The money will be allocated from the Council’s Private Sector Housing pot and will be set aside into a fund that can be used to cover the costs of moderate repair work carried out under statutory notice.
Work paid from the fund will be replenished as accounts and fees are repaid to the council, with the local authority charging a fee of 15% to cover its technical and administrative costs.
A lack of participation by some homeowners often means that problems such as rain penetration is not dealt with, dampness not treated and this lack of timely remedial action leads to a much more serious and expensive repair, and misery for those owners willing, but unable, to get consensus to address the problem.
Until now, the council was unable to assist owners or property mangers in carrying out this work because it did not have the necessary resources to cope the scale of the problem and the housing services lacked the appropriate power to enforce the work by all owners.
As reported in the Local News previously, lack of repairs to properties can lead to buildings becoming dangerous, like the property on Cathcart Road in Mount Florida which was in such poor repair that masonry was falling on to the pavement below.

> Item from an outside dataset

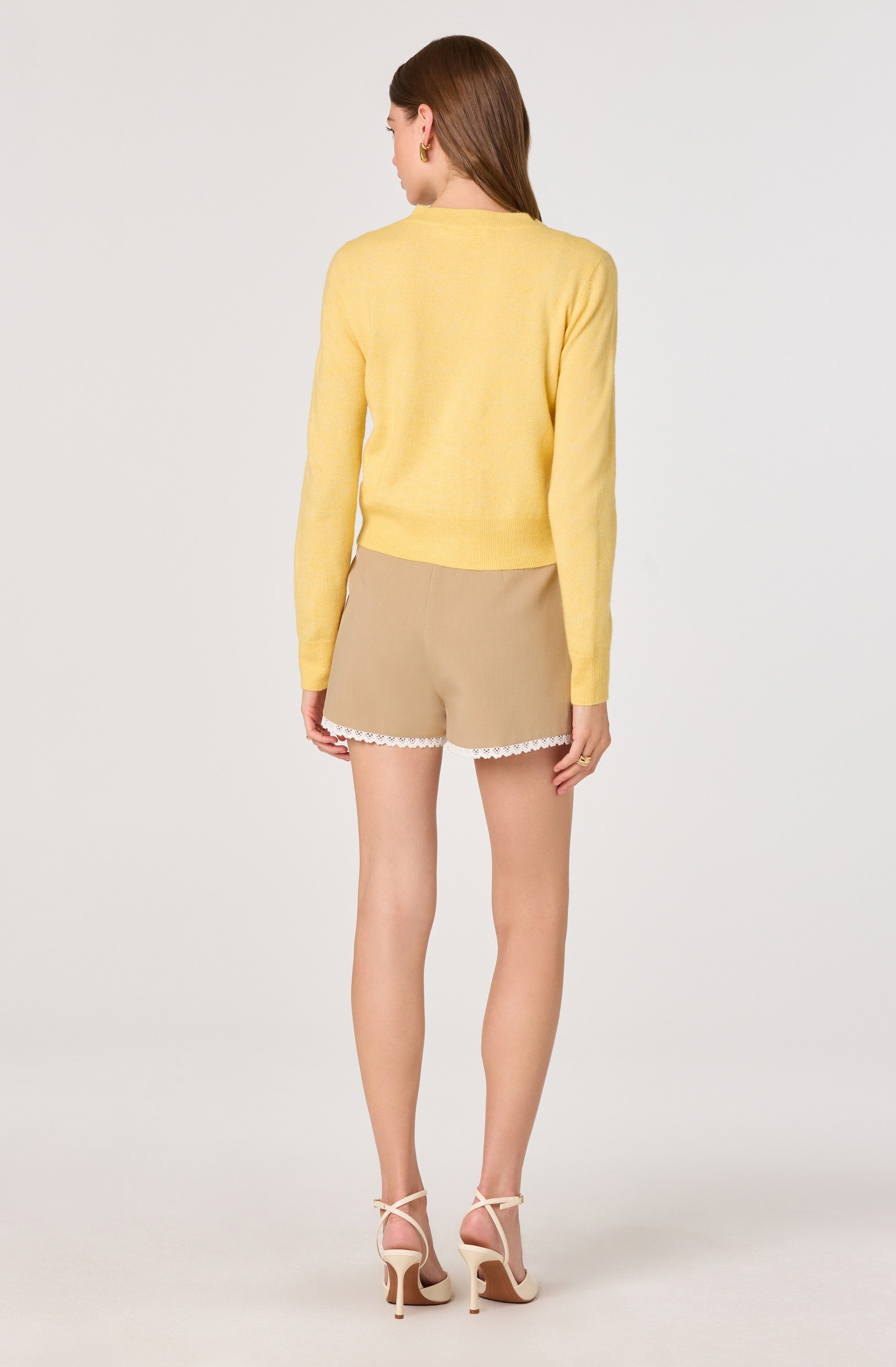Mary Classic Button Front Cardigan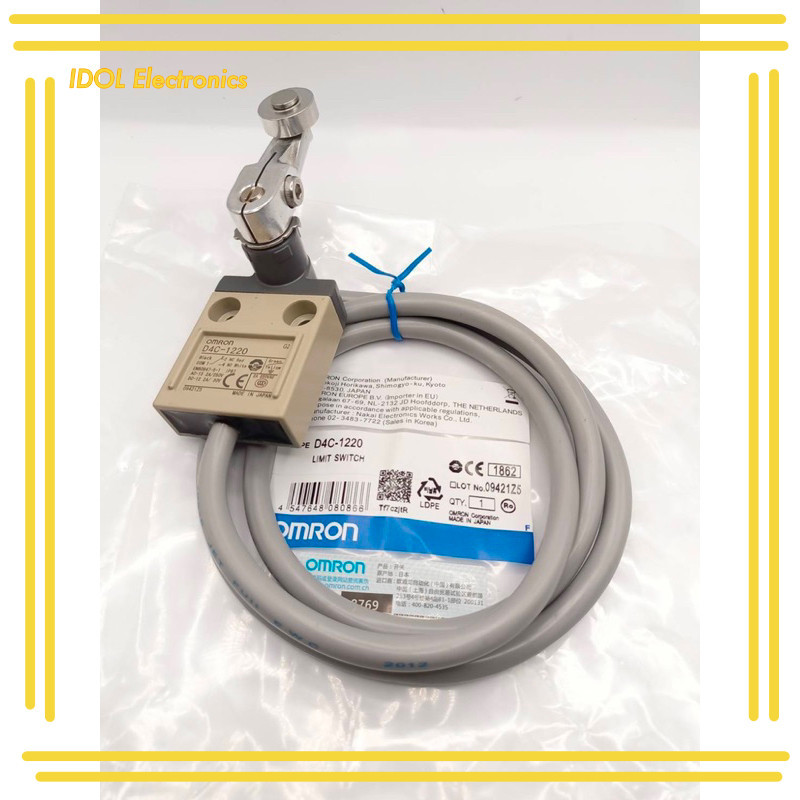 ราคาถูก! Limit Switch D4C-1220 D4C1220 D4C/1220 พร้อมส่งเร็วในไทยของแท้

Councillor Elaine McDougall, Executive Member for Housing, said: ‘We regularly receive calls from frustrated home owners, across the city, in tenemental properties, who cannot gain agreement from all owners to pay for minor but essential repair work to their properties.
‘Up until now, we have been unable to assist all of these owners or property managers but this new power allows us to enforce the work to be carried out and recover the full cost from all the owners.
‘This scheme will help to improve the quality of the city’s older housing stock, preserving it for future generations, and I would hope that if proved successful, this self-sustaining fund can be expanded in the future.’
This is a step towards the model for property management common in Edinburgh, where there are no factors for tenement closes, rather the council acts as property manager and issues statutory notices for essential repairs to each homeowner.